• Instructions to follow:
Word-for-word repetition of the records below is needed, but only from the line holding "Cruz de hierro" through the final line, with pictures excluded.

- - - - -

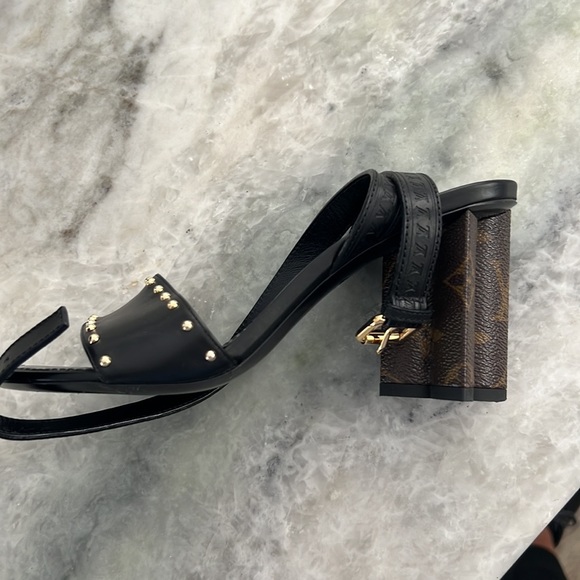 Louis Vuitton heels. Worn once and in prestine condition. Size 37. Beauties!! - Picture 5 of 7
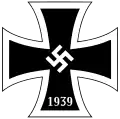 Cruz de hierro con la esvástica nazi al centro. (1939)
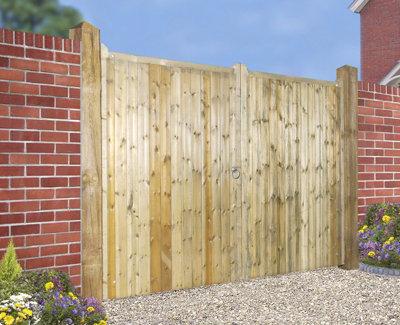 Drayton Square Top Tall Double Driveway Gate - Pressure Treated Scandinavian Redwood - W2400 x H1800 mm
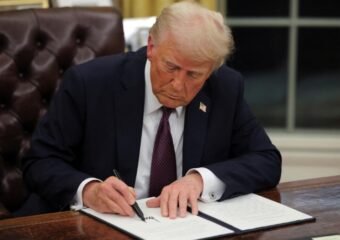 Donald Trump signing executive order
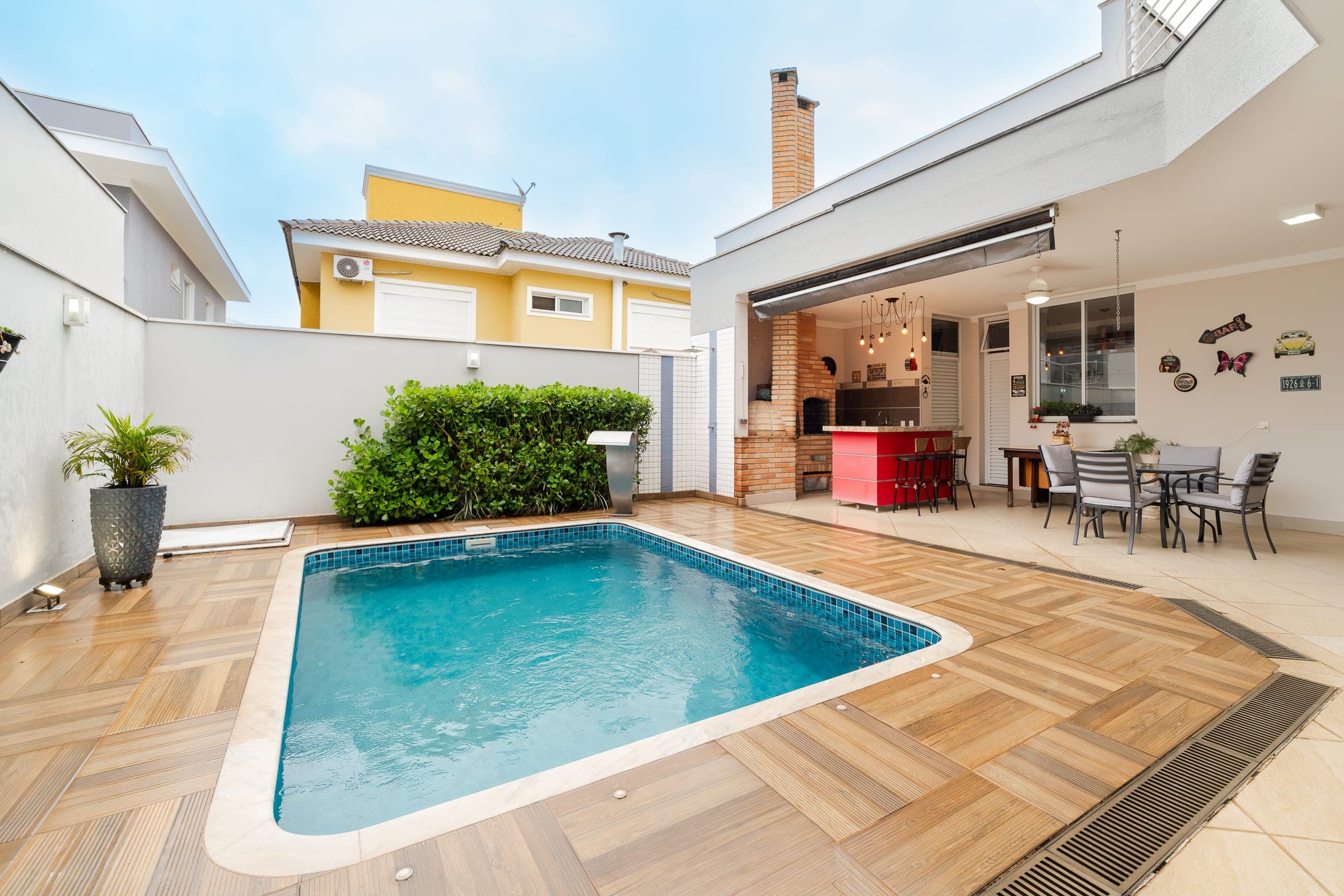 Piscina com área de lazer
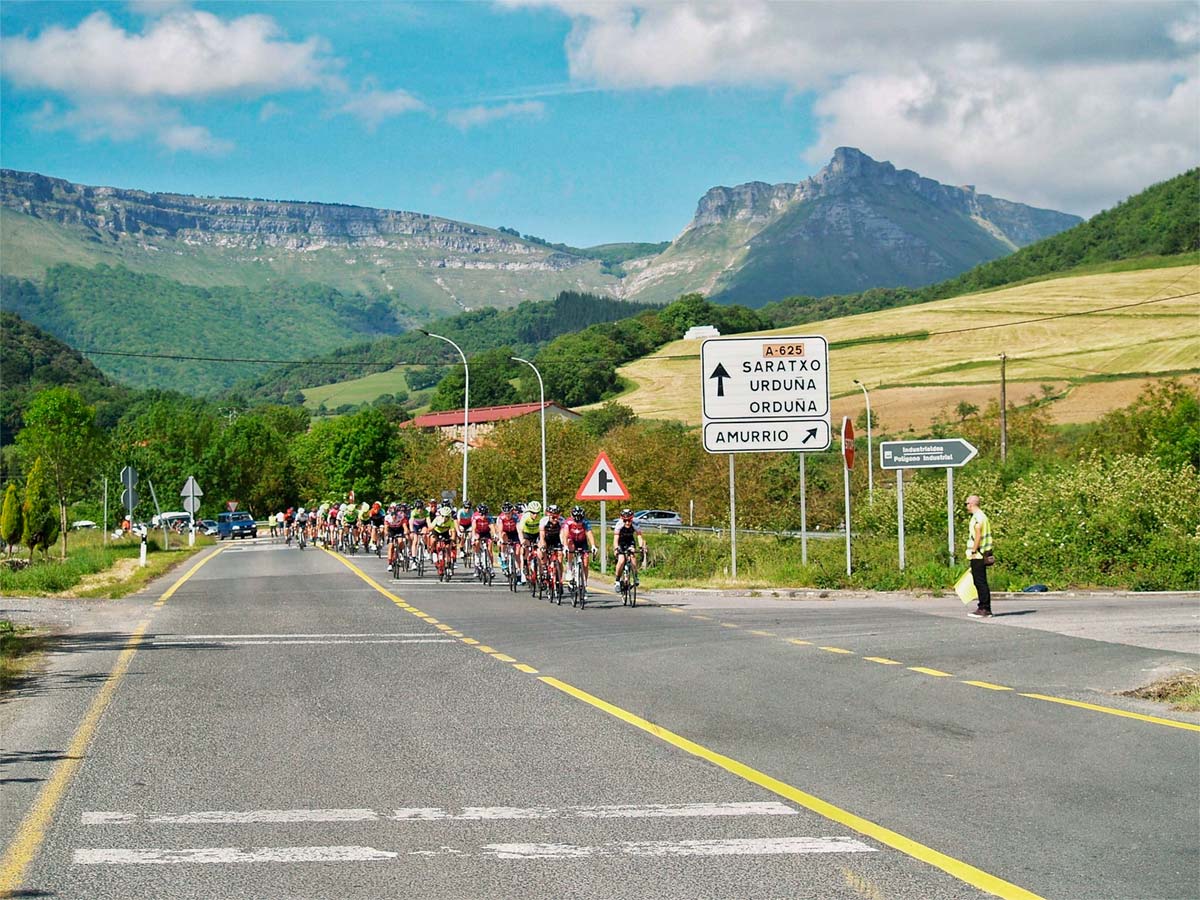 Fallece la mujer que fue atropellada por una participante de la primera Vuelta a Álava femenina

- - - - -

• Reply:
 Cruz de hierro con la esvástica nazi al centro. (1939)
 Drayton Square Top Tall Double Driveway Gate - Pressure Treated Scandinavian Redwood - W2400 x H1800 mm
 Donald Trump signing executive order
 Piscina com área de lazer
 Fallece la mujer que fue atropellada por una participante de la primera Vuelta a Álava femenina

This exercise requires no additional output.